Would you give the entries again word for word, with no pictures in the copy?

________________

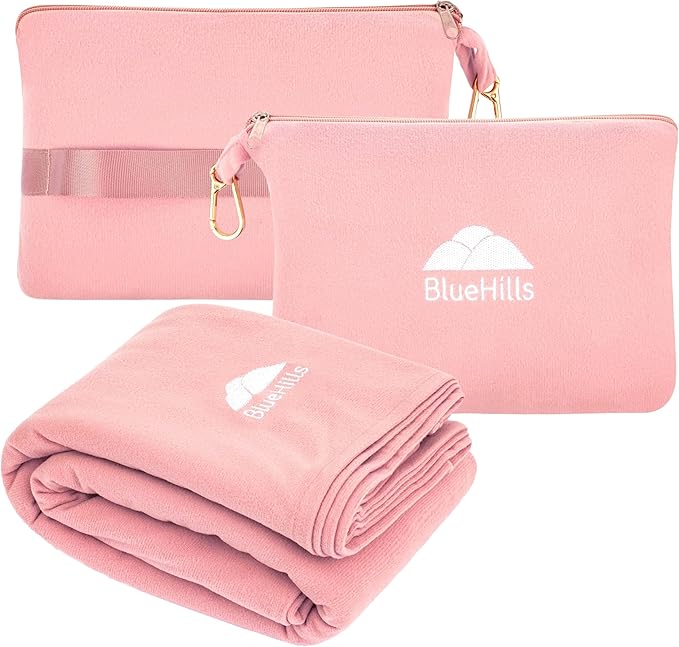 BlueHills Travel Blanket Pillow Compact Lightweight Pocket Size Airplane by BlueHills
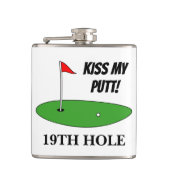 Kiss My Putt 19th Hole grappige drink met golfcade Heupfles (Voorkant)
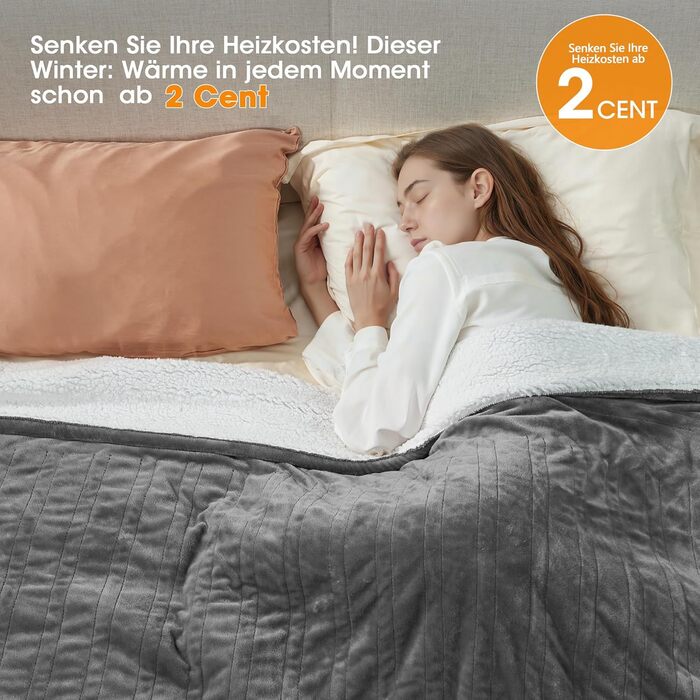 Ковдра Airfish з підігрівом 180x130 см Мяка преміальна ковдра з 6 режимами нагріву, 12-годинним таймером та автоматичним вимкненням Енергозберігаюча та придатна для прання в пральній машині для ліжка, дивана, домашнього офісу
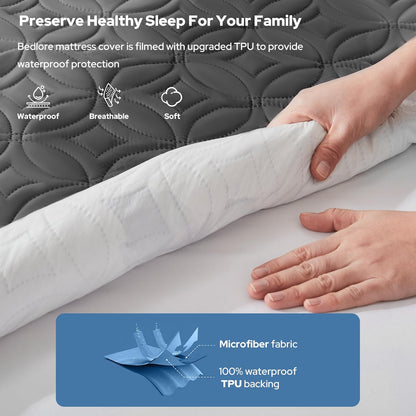 BEDLORE Waterproof Mattress Protector - Soft, Dirt-Proof Full Size Pad for Deep Pocket Beds (Gray)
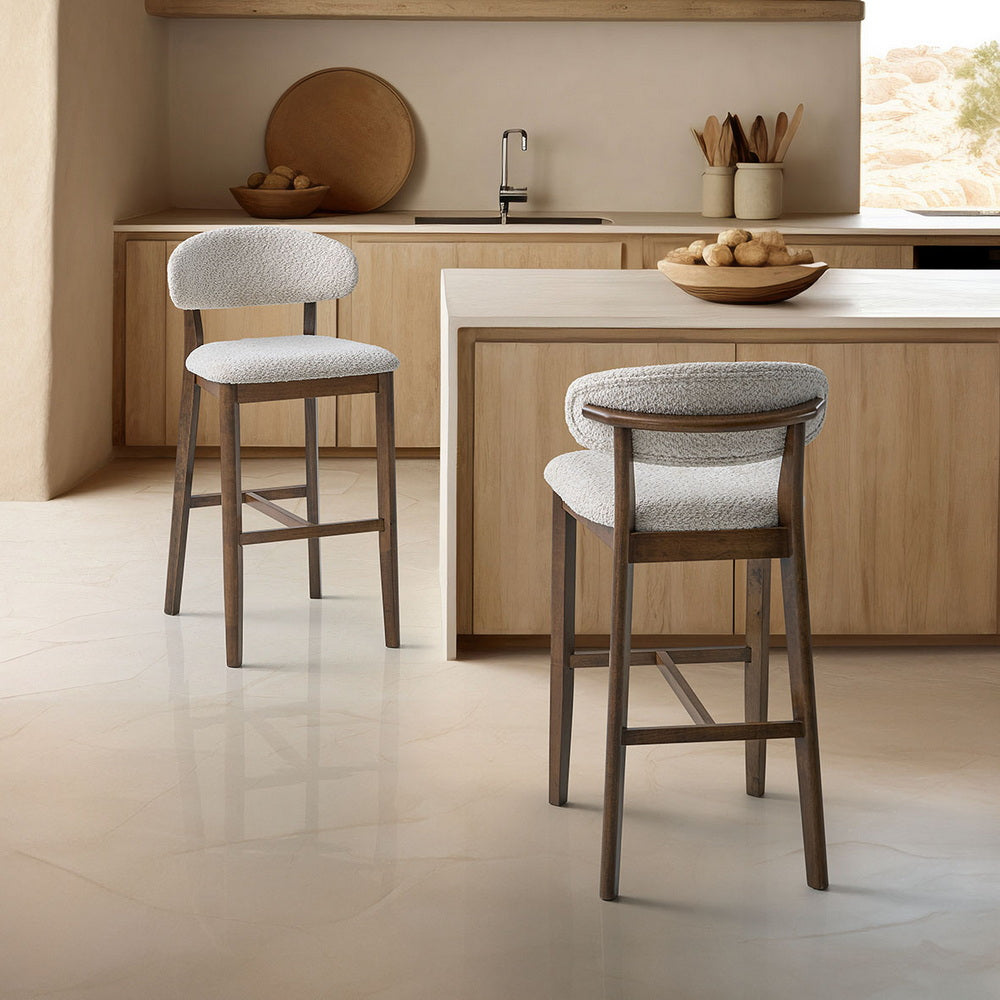 Set of 2 Mid-Century Modern Bar Stools – 30” Upholstered Solid Wood Kitchen Island Chairs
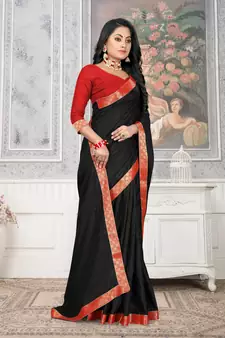 Women'S Black Plain Lace Work Silk Blend Saree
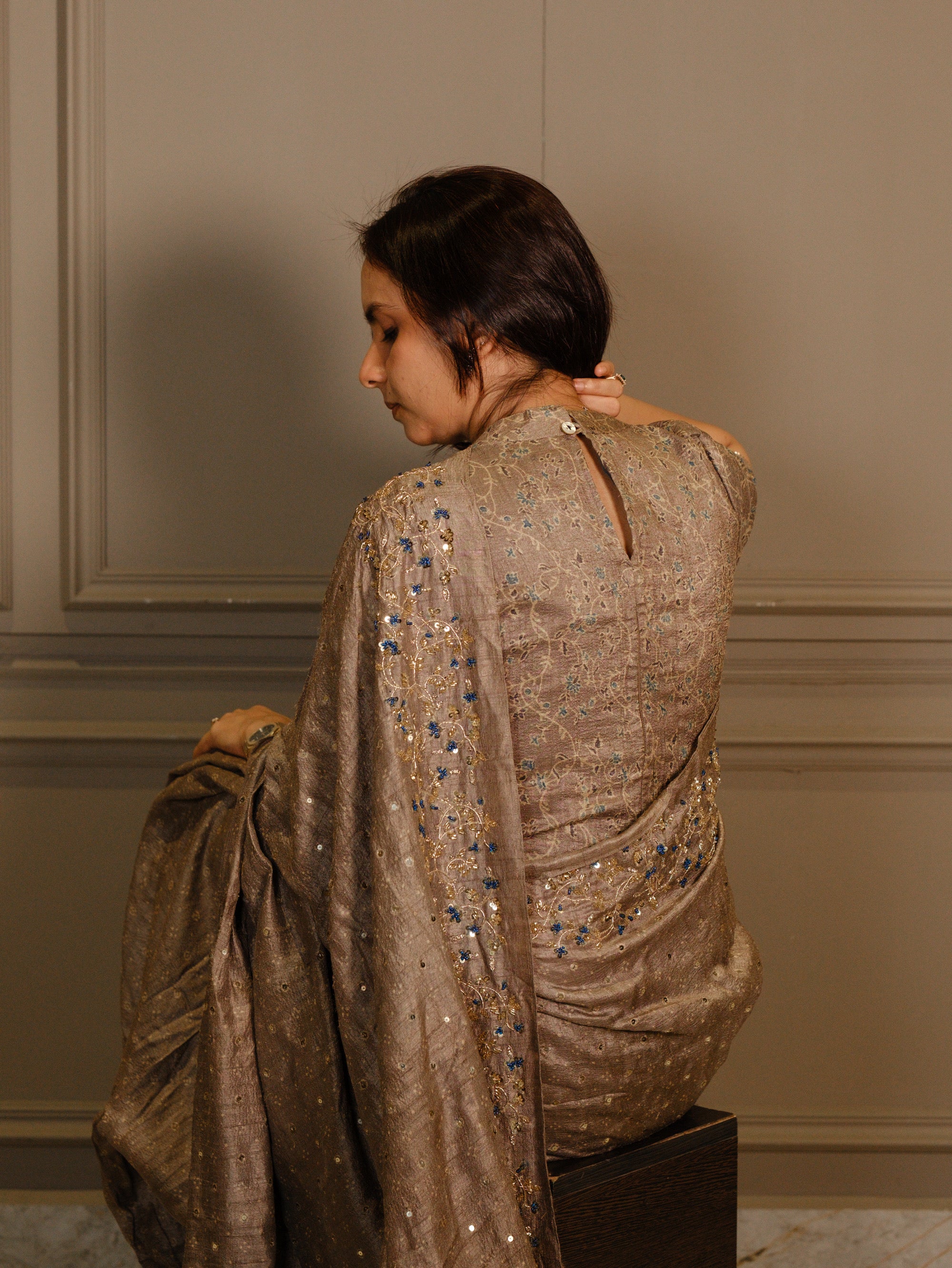 Ajrakh pure handloom tussar silk hand dyed, hand block printed and handembroideredsaree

________________

- RESPONSE:
 BlueHills Travel Blanket Pillow Compact Lightweight Pocket Size Airplane by BlueHills
 Kiss My Putt 19th Hole grappige drink met golfcade Heupfles (Voorkant)
 Ковдра Airfish з підігрівом 180x130 см Мяка преміальна ковдра з 6 режимами нагріву, 12-годинним таймером та автоматичним вимкненням Енергозберігаюча та придатна для прання в пральній машині для ліжка, дивана, домашнього офісу
 BEDLORE Waterproof Mattress Protector - Soft, Dirt-Proof Full Size Pad for Deep Pocket Beds (Gray)
 Set of 2 Mid-Century Modern Bar Stools – 30” Upholstered Solid Wood Kitchen Island Chairs
 Women'S Black Plain Lace Work Silk Blend Saree
 Ajrakh pure handloom tussar silk hand dyed, hand block printed and handembroideredsaree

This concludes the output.